No. If you’re 70 years old, and you have $110,000 of negative equity, then
you have real problems in this market. (Actually, we’re told that the appraisals
on the house came in below $900,000, which means that she has even
more negative equity than that.) The self-employed bit is the least of Van Cleave’s
worries: no lender is going to assume that a 70-year-old is going to stay on
the payroll at any company for very long.
The fact that Frankie Van Cleave can’t get a mortgage is not news. It’s the
fact that "several mortgage brokers" were still courting her not so
long ago which is the more worrying part.
Indeed, I wonder whether underwriting standards have in reality tightened up
nearly as much as we’re constantly being told they have. Look at the most recent
tranche of ABX.HE subprime indices, the 07-02 vintage, containing mortgages
written in the first half of this year, long after systemic problems in subprime
underwriting had been splashed all over the headlines. It turns out that those
subprime loans are trading just as badly as – if not worse than –
the subprime loans of the 2006 vintage. And does this sound like underwriting
standards are tight, or just that they’ve been insanely loose right up until
now?
IndyMac Bancorp is the latest lender to shun 100% financing for borrowers
who want merely to state their income. For Alt-A loans that don’t have third-party
mortgage insurance, IndyMac is insisting on at least a 5% down payment for
"all loan sizes and property types," according to guidelines sent
to mortgage brokers.
IndyMac has been providing, all year, 100% financing for people who won’t even
show them how much money they were making? And it’s still providing 95% financing?
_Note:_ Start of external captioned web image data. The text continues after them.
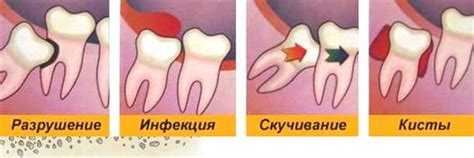 Основные причины отека и боли десен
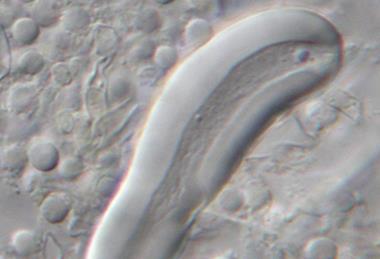 Aspergillus_ustus_Hulle_cell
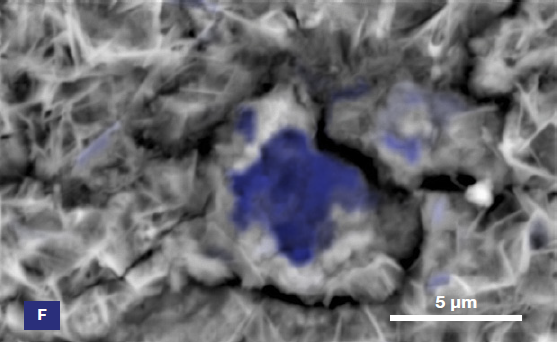 ChemiSEM images of the foreign particle. From top to bottom: backscattered electron image, calcium, fluorine, and silicon distribution. (Acc voltage 15 keV, beam current 0.85 nA, acquisition time 60 s).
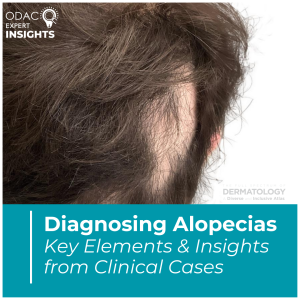 diagnosing alopecia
Yikes. This article isn’t showing me how tight underwriting standards are: it’s
showing me how loose they are.
I do think that there’s less outright fraud in loan applications now, compared
to a year ago. But I’m not convinced that there’s been a significant tightening
of underwriting standards more generally – certainly not until the past
couple of weeks, anyway. And if that’s the case, then mortgage lenders have
been acting even more foolishly than we’d heretofore imagined.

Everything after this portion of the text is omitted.